▶ _Action item_: Exactly the lines from the one containing "实名控告能解决自己实际的问题吗不一定吧，还得看办理单位到底是不是尽责，" through the end of the listing must make up the answer, with no pictures included.
=== Section Start ===
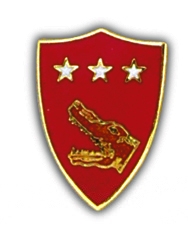 5TH MARINE AMPHIBIAN PIN  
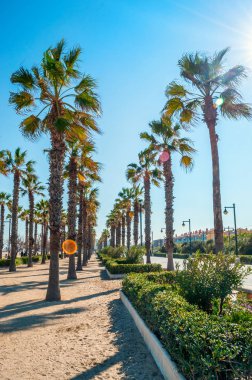 Malvarrosa beach, Valencia, İspanya
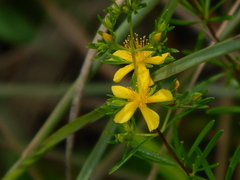 Hypericum fasciculatum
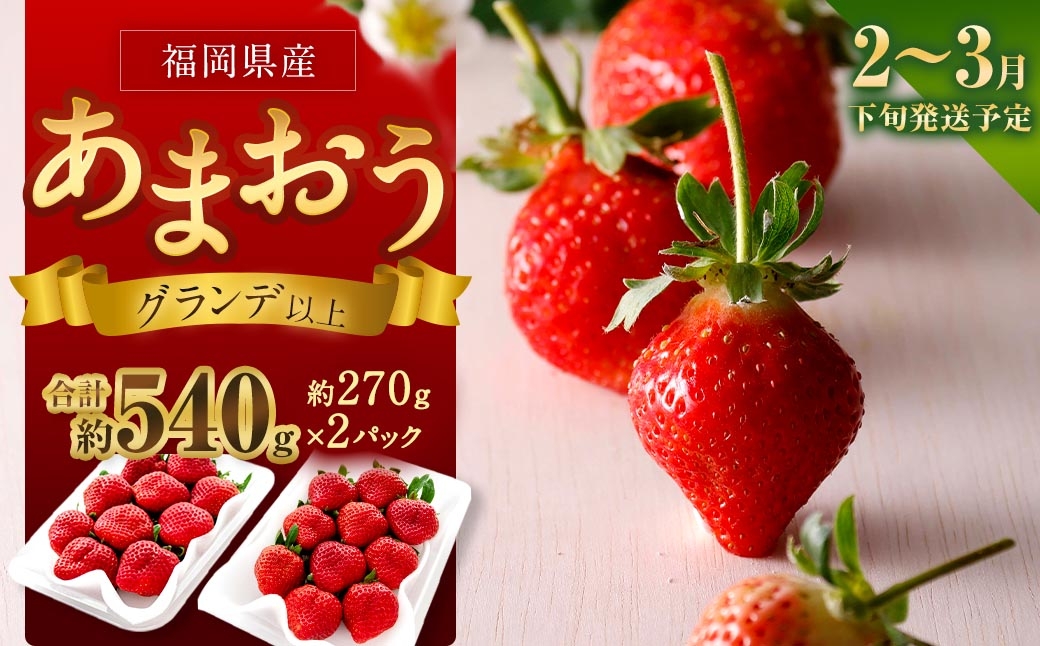 
                  福岡県産苺 「 あまおう 」 グランデ以上 270g × 2パック 計540g いちご イチゴ 苺 果物 くだもの 果実 フルーツ 果肉 いちごの王様 国産 福岡県産 【 2027年2月下旬～3月下旬発送予定 】
                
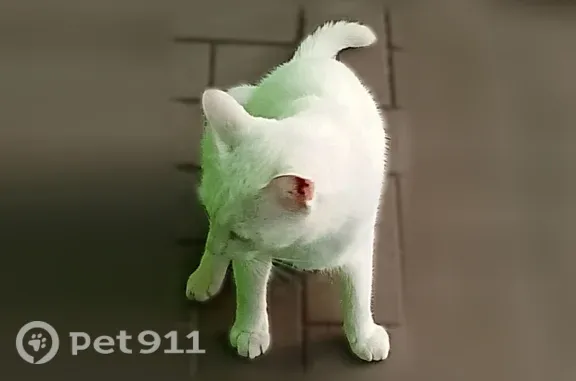 Кошка ищет дом, Зеленодольск — ласковая, разноглазая, проблемы с лапой - photo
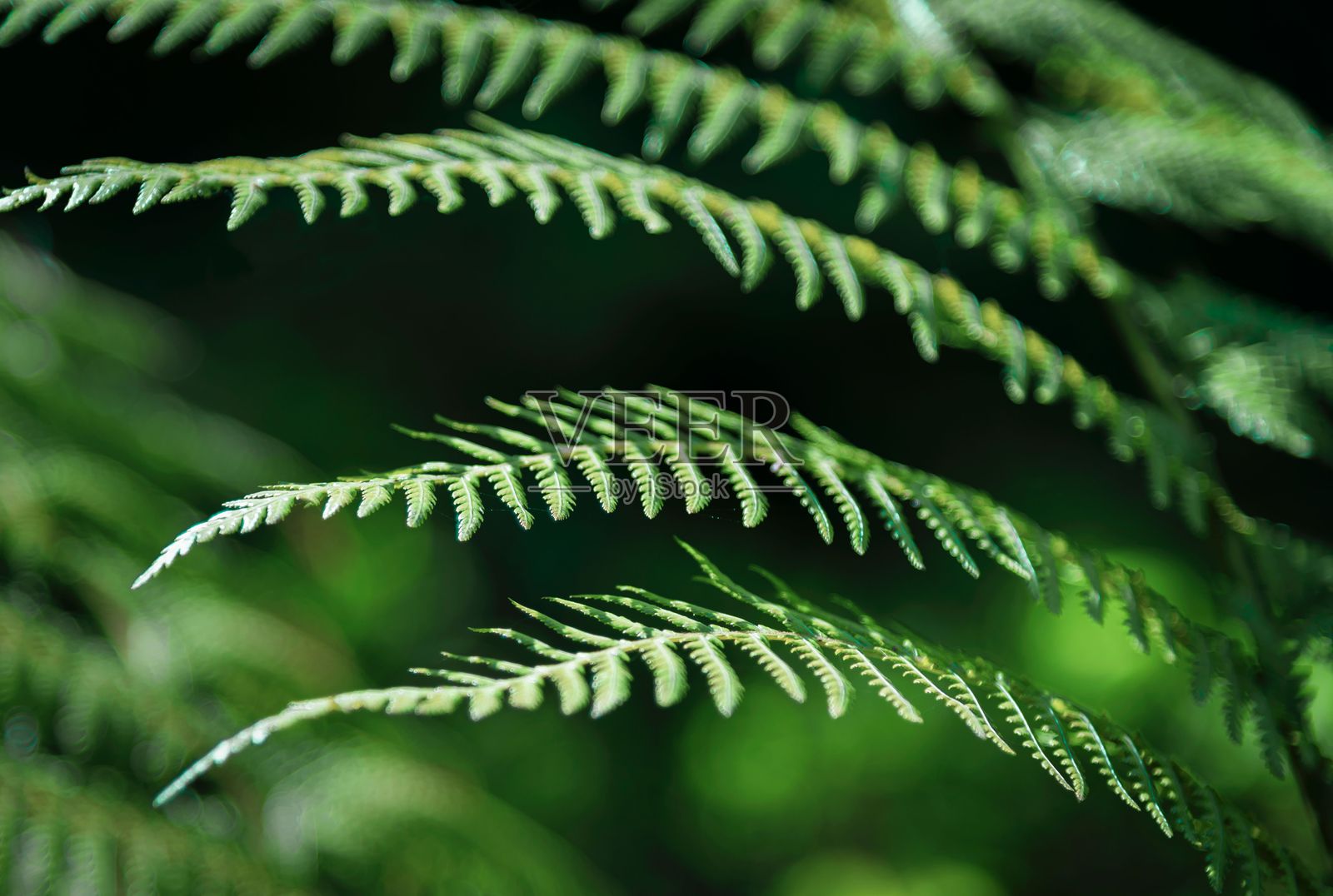 绿色蕨类植物叶子的特写。照片摄影图片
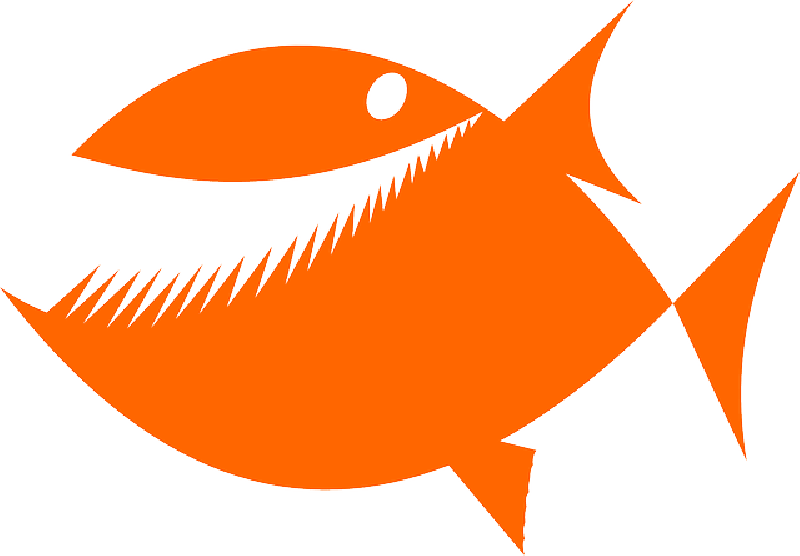Biting Piranha, Fish, Silhouette, Hungry, Happy, Teeth, - Restaurant Danilo (800x556)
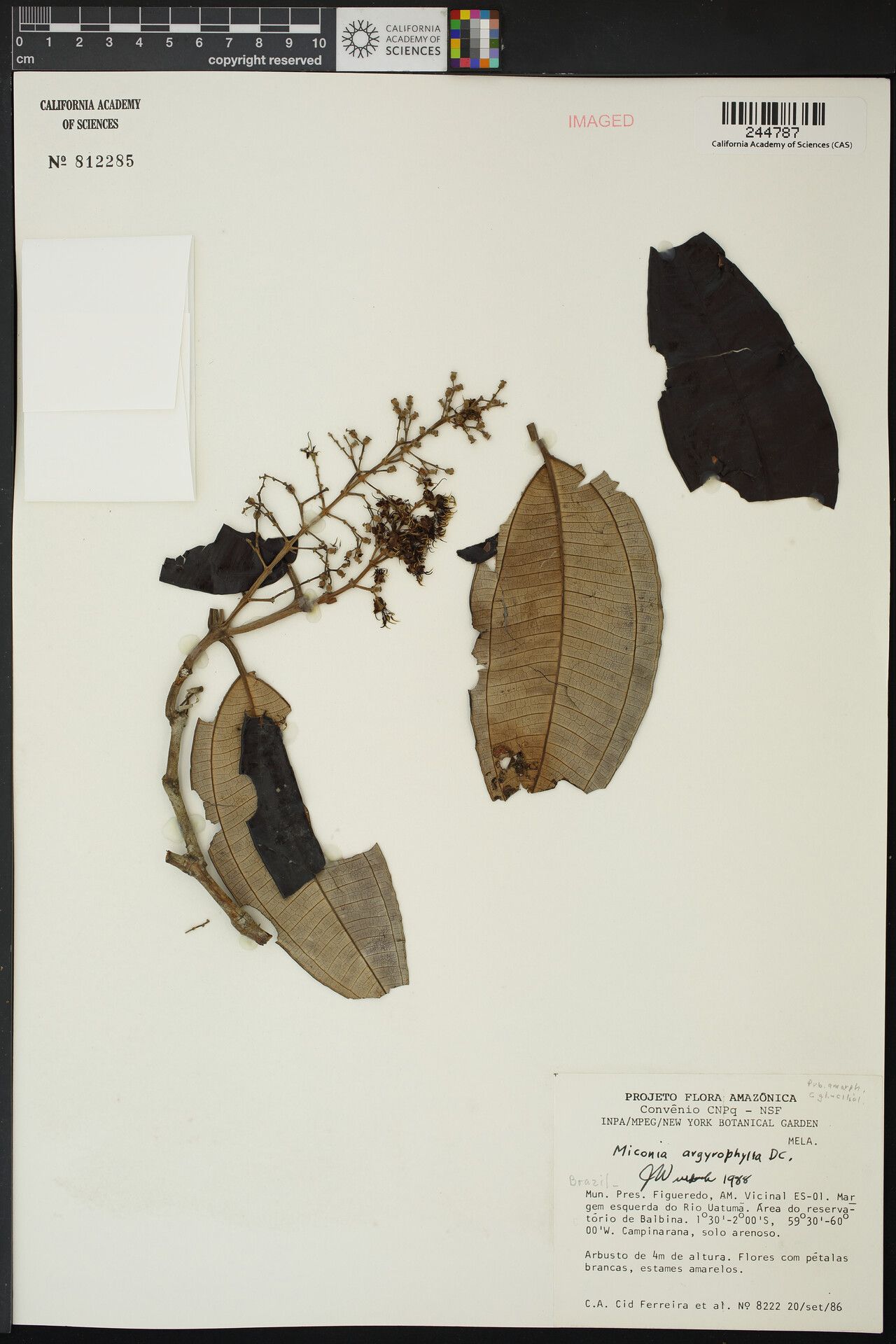 Miconia waimiri-atroari — houseplant care guide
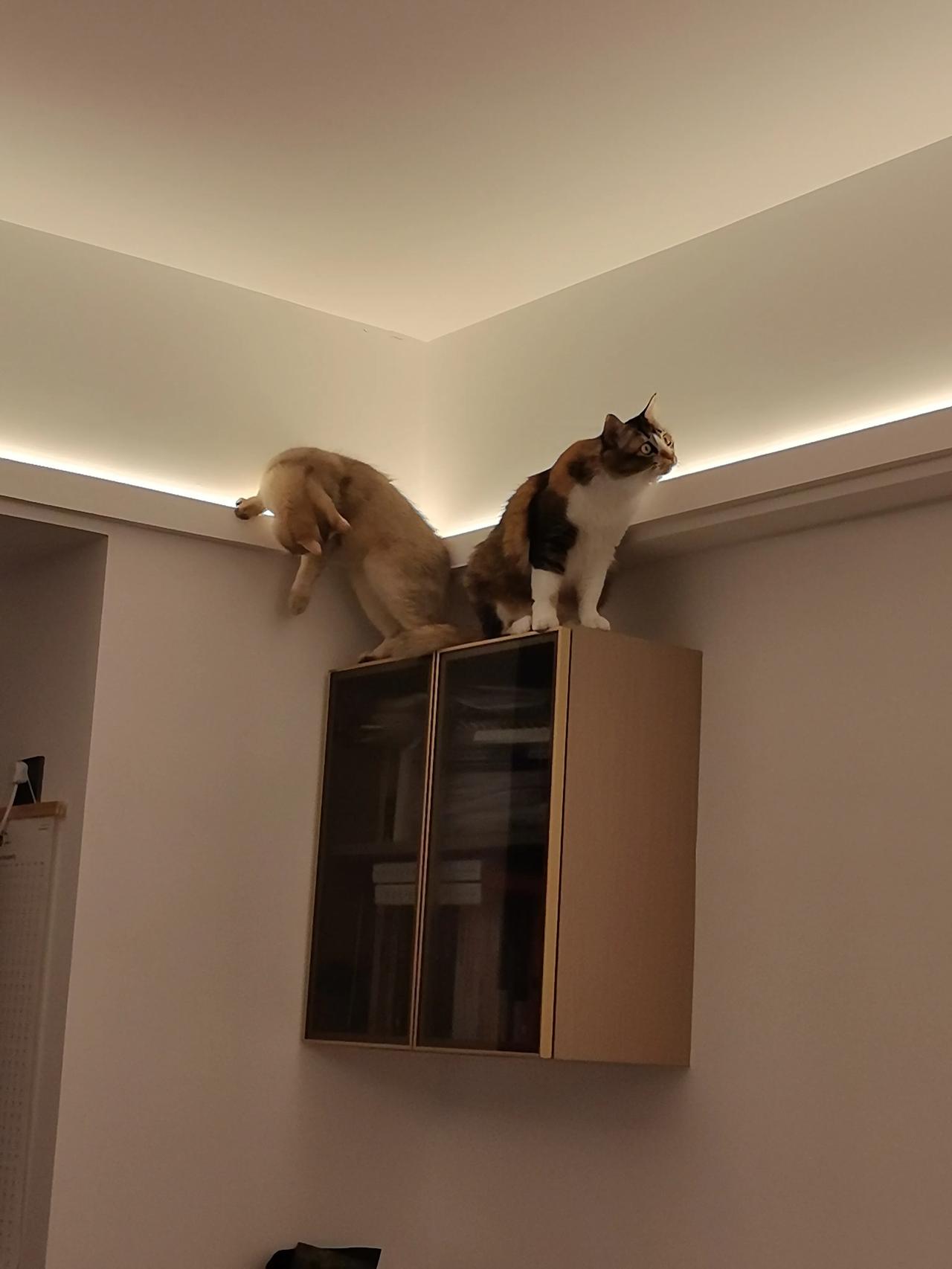 实名控告能解决自己实际的问题吗不一定吧，还得看办理单位到底是不是尽责，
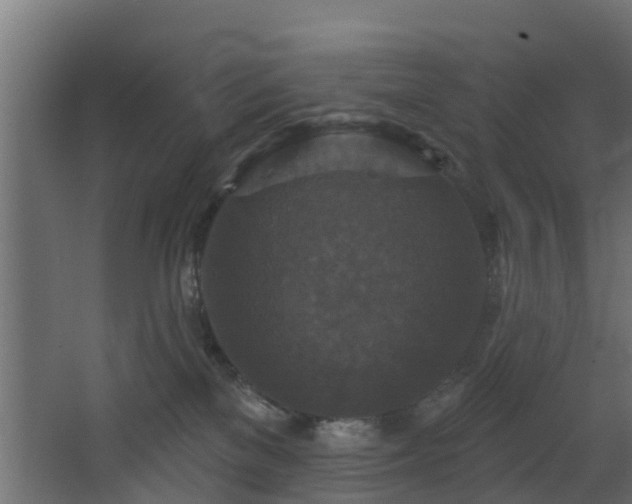 X0000068740137200605011035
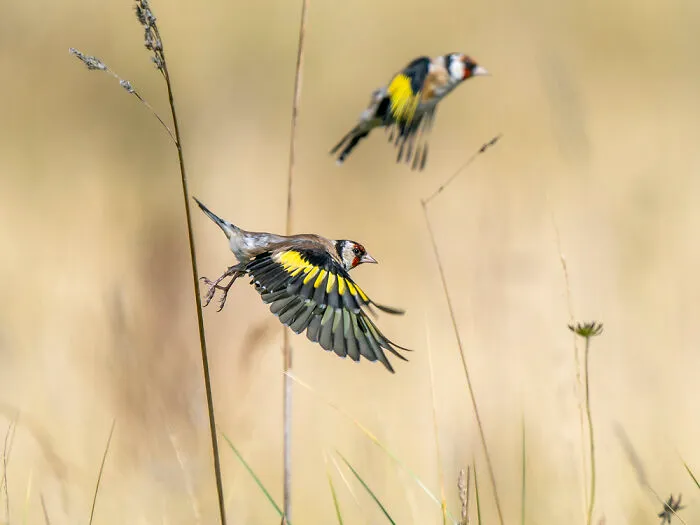 Scottish Wildlife Portrait, 3rd Place: Goldfinches Taking Flight By Caroline Erolin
=== Section End ===
▶ _Task response_:
 实名控告能解决自己实际的问题吗不一定吧，还得看办理单位到底是不是尽责，
 X0000068740137200605011035
 Scottish Wildlife Portrait, 3rd Place: Goldfinches Taking Flight By Caroline Erolin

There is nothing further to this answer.